Sabemos que muchos adversarios aplaudirán estos razonamientos y que muchos amigos menearán la cabeza. Pero no importa. Estamos convencidos de que una cosa es hacer crónica, y otra hacer novela. Y que las caídas y los terremotos de la historia, mientras deben tener un reflejo evidente e inmediato en los servicios periodísticos, no pueden de ordinario sino perjudicar la eficacia del trabajo literario que haga de ellos argumentos a toda costa.
Dejemos estar a los ejemplos ilustres, aquellos ejemplos que se citan comúnmente-la epopeya napoleónica que esperó cincuenta años para hacerse libro y relato con Tolstoi-, dejemos este ejemplo porque no es verdad que las nuevas experiencias de la vida y de la historia, alabadas sobre los campos de batalla del Imperio, ingresaron en la literatura solamente con La guerra y la Paz. Aquella experiencia se llamó romanticismo, se llamó culto del dolor universal o de la acción por la acción, y no solo no se hizo esperar cincuenta años, sino que con Stendhal, con nuestro Leopardi, con los grandes alemanes, con Alfieri también, acompañó y directamente precedió a la gran revolución.

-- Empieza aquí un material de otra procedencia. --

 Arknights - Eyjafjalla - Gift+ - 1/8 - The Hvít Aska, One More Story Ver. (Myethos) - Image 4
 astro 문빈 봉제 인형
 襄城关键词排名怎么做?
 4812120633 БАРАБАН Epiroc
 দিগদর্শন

Porque aquí está el equívoco. Cuando se invita a los literatos a tener en cuenta las novedades cotidianas y clamorosas de la crónica, se olvida que los hechos cotidianos no caen del cielo, sino que son fruto de un precedente estado de las cosas y de los espíritus en que, a su modo, han participado también los literatos. La lección de angustia de la guerra, vivida por todos nosotros, martillaba nuestra conciencia ya muchos años antes de que las bombas comenzaran a caer. Y no es una casualidad que el más auténtico poeta de la humanidad desarraigada por las persecuciones y el terror racial, Franz Kafka, escribiese ya en el tiempo de la primera guerra mundial.

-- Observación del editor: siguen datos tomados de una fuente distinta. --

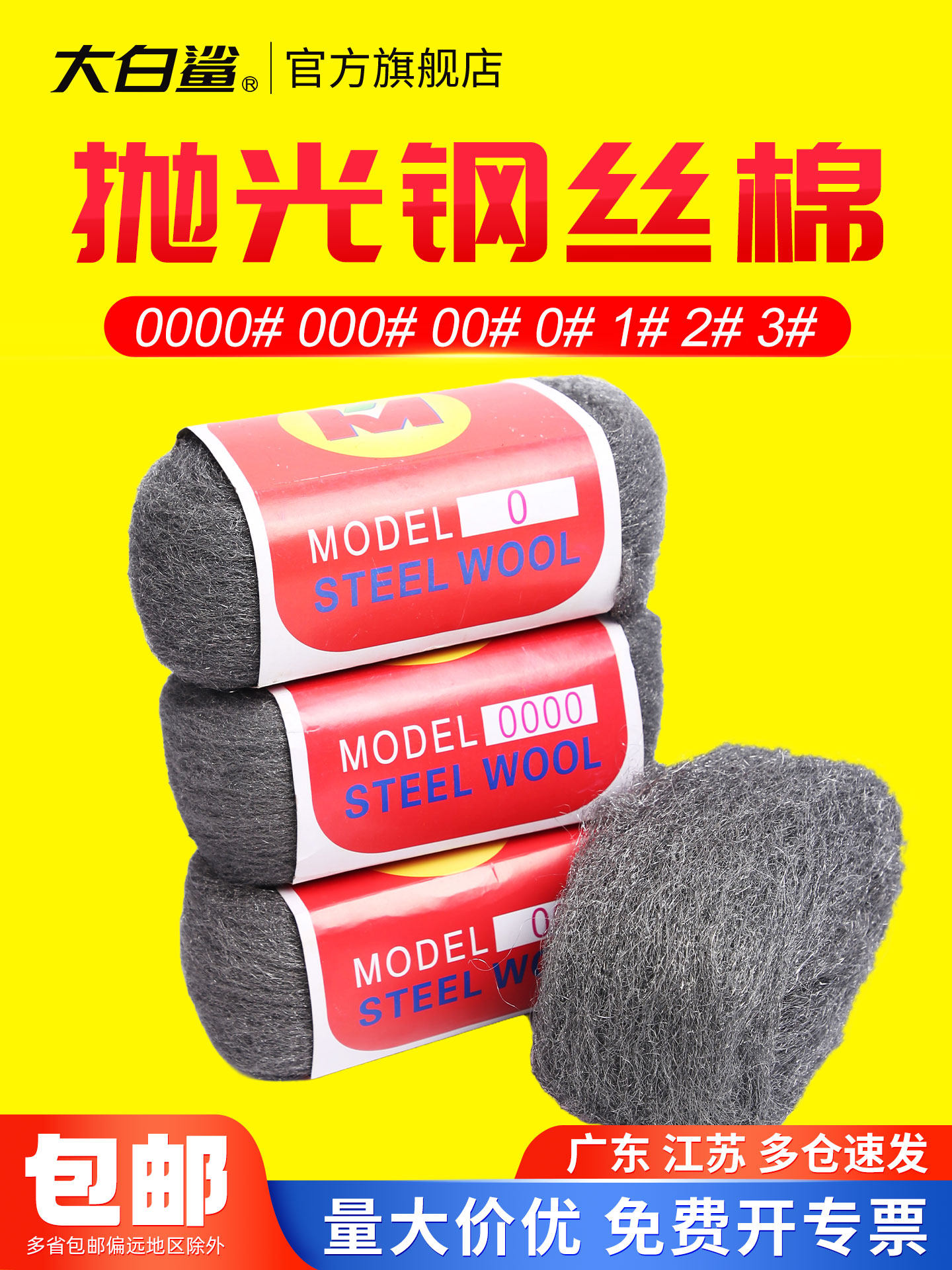 Great White Shark Steel Wool Iron Wool for Grinding, Polishing, Cleaning, Decontamination, Whole Box for Stone and Furniture Steel Wool 0000 #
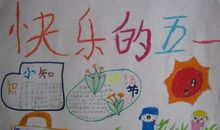 我的五一劳动节作文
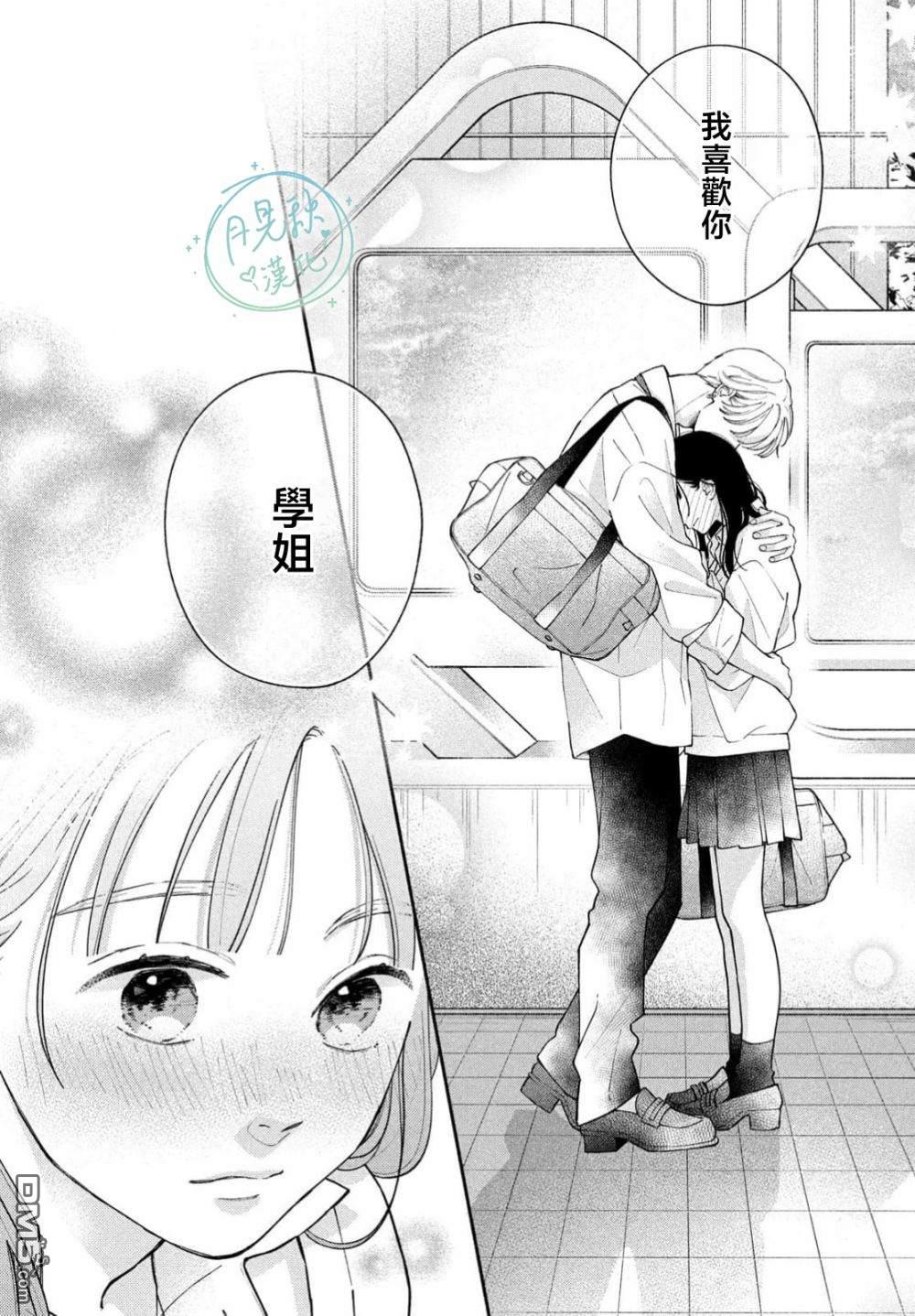 恋芽伊始 第3话 第35页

El buen literato-no nos disgusta esta vieja palabra tan desacreditada- no puede basarse, en su trabajo más concienzudo, sino sobre una armadura de hábitos mentales y de sensaciones directas, que coincide con el trabajo de su adolescencia, con aquella que se llama su primera formación. Salir de esta armadura, abolirla, arrojarse entre los hechos con la ingenua pretensión de renacer, purificarse, primitivizarse, no supo hacerlo ni siquiera Arthur Rimbaud. Este poeta precocísimo, cuando a los veinte años se disgustó o impacientó de su mundo habitual, ¿qué hizo? Fue a África y dejó de escribir. Nada más.
Ni se puede decir que la célebre “literatura vivida” de los norteamericanos contradiga esta observación nuestra. En los pocos casos que cuentan realmente -Hemingway, Cadwell, y hasta un cierto punto Dos Passos y Steinbeck- no se trata para nada de un capricho improvisado, sino de una poética determinada por particulares condiciones ambientales, de una inicial formación y cultura, dirigidas a buscar y gozar la dureza de la vida y de las cosas. Esta estructura no se puede improvisar y sus raíces se rastrean en toda una tradición y, digámoslo también, en una retórica secular. Pero, no obstante toda legítima influencia, no obstante que para la última generación el pulso literario del mundo haya latido en América -y esto significa algo-, será necesario tener en cuenta que nuestra tradición y nuestra retórica son distintas. Esto se ve, por otra parte, en la obra de los mejores europeos, que acogiendo aquella influencia, la han filtrado a través de la sensibilidad literaria europea. No se improvisa nada, y menos la riqueza interior.
En cambio, en la represión que de demasiadas partes se repite a los escritores, está implícita sin más la rústica presunción de que relatando atropelladamente ciudades destruidas, heroísmos bélicos, hombres o cárceles, aquello, en fin, que se bautiza actualidad palpitante, nuestra literatura resultaría más rica, más verdadera, o, como se dice, más “humana”. Entendámonos bien. No se niega a nadie el derecho de elegir los argumentos en que cree, no se pretende que sea cosa meritoria asistir neutrales e impasibles a la tragedia de una guerra civil -ninguno se aparta, además, y los neutrales, los llamados bienpensantes, combaten, y cómo, ellos también-; simplemente se quiere poner en claro que la profunda humanidad, la vena auténtica, la sinceridad del arte, tienen raíces no en la mole o en la enormidad de los hechos sufridos, sino sólo en la mente y en el corazón, en la claridad de la mirada, en el monótono y martillante recuerdo. Decimos monótono e insistimos. Todo auténtico escritor es espléndidamente monótono, en cuanto en sus páginas rige un molde al que acude, una ley formal de fantasía que transforma el más diverso material en figuras y situaciones que son casi siempre las mismas. De otro modo sucede en cambio al periodista, al periodista puro, cuya página, cuyo artículo, informan, catalogan hechos, fotografían la vida, y nos sirven toda su accidental variedad. Es posible, ciertamente, que uno de nuestros escritores nos cuente, por ejemplo, su vida clandestina, su guerra, sus hambres, tal vez sus huelgas. Así como otro podrá narrar sus baños de mar, sus recuerdos de infancia, sus retiros espirituales o sus amores. Desde un punto de vista de lucha política será permitido decir al primero que hace bien, que continúe, que sus documentos en cuanto tales nos sirven. Pero solamente desde este punto de vista. Y sólo si su interés fantástico se mueve sinceramente en este modo de lucha. De otra manera, también desde el punto de vista político, será mejor aconsejarle que interrumpa y que se contente con ser cronista o enviado especial, oficios quizás más útiles.
Es ilusorio buscar en el apoyo directo de los hechos, en la escuela de la dura experiencia, en la aventura vivida, aquella seriedad y aquella precisión de fantasía que nacen solamente -cuando nacen- de la lenta costumbre y maduración de la vida interior. Que sea deber de cada uno enriquecer en toda forma -no definitiva, sino aceptando y respetando los propios límites- esta vida interior, es cosa obvia. Que cada uno de nosotros -también el escritor- esté radicado en una situación dada, en una clase, en un conflicto histórico inevitable, es verdad. Pero es cierto también que, cuando se toma la pluma para narrar verdaderamente, toda ha sucedido ya, se cierran los ojos y se escucha una voz que está fuera del tiempo.